Under the 2nd Emperor Yangdi (604-617) of the Sui Dynasty (581-617), was the southern capital of China and called Jiangdu upon the completion of the Jinghang (Grand) Canal until the fall of the Dynasty. It has been a leading economic and cultural center and major port of foreign trade and external exchange since the Tang Dynasty (618-907). There lived many Arab and Persian merchants, but they were massacred in 760 AD during the An Shi Rebellion (Perkins).
The city, still known as Guangling, was briefly made the capital of the Wu Kingdom during the Five Dynasties and Ten Kingdoms Period.
Marco Polo served there under the Mongol emperor Kubilai Khan in the period around 1282-1287 (to 1285, according to Perkins). Although some versions of Polo's memoirs imply that he was the governor of Yangzhou, it is more likely that he was an official in the salt industry. The discovery of the 1342 tomb of Katarina Vilioni, member of an Italian trading family in Yangzhou, suggests the existence of a thriving Italian community in the city in the 14th century. Until the 19th century Yangzhou acted as a major trade exchange center for salt, (a government regulated commodity), rice and silk. The Mings (1368-1644) are largely responsible for building the city as it now stands and surrounding it with 9 km of walls.
The Yangzhou riot in 1868 was a pivotal moment of Anglo-Chinese relations during the late Qing Dynasty that almost led to war. The crisis was fomented by the gentry of the city who opposed the presence of foreign Christian missionaries there. The riot that resulted was an angry crowd estimated at eight to ten thousand who assaulted the premises of the British China Inland Mission in Yangzhou by looting, burning and attacking the missionaries led by Hudson Taylor. No one was killed, however several of the missionaries were injured as they were forced to flee for their lives. As a result of the report of the riot, the British consul in Shanghai, Sir Walter Henry Medhurst took seventy Royal marines in a Man of war and steamed up the Yangtze to Nanjing in a controversial show of force that eventually resulted in an official apology from Viceroy Zeng Guofan and financial restitution made to the injured missionaries.

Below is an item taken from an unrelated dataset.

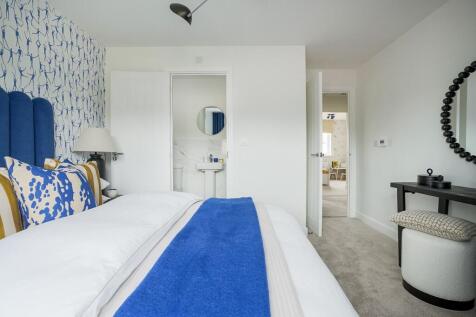 Main bedroom with ample space for storage and an en suite shower room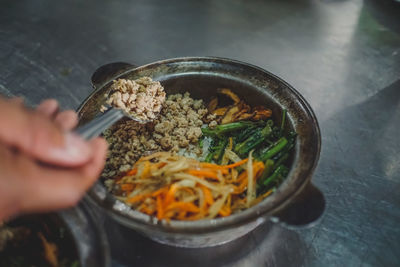 Midsection of person preparing food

From the time of the Taiping Rebellion (1853) to the end of the Communist revolution (1949) Yangzhou was in decline, due to war damage and neglect of the Jinghang Canal as railways replaced it in importance; unfortunately, initial plans for railways connecting Yangzhou were deemed to be unimportant, and its status as the leading economic centre of China declined rapidly into a city of little importance. With the canal now partially restored, Yangzhou is once again an important transportation and market center. It also has some industrial output, chiefly in cotton and textiles. In 2004, a railway linked Yangzhou for the first time with Nanjing.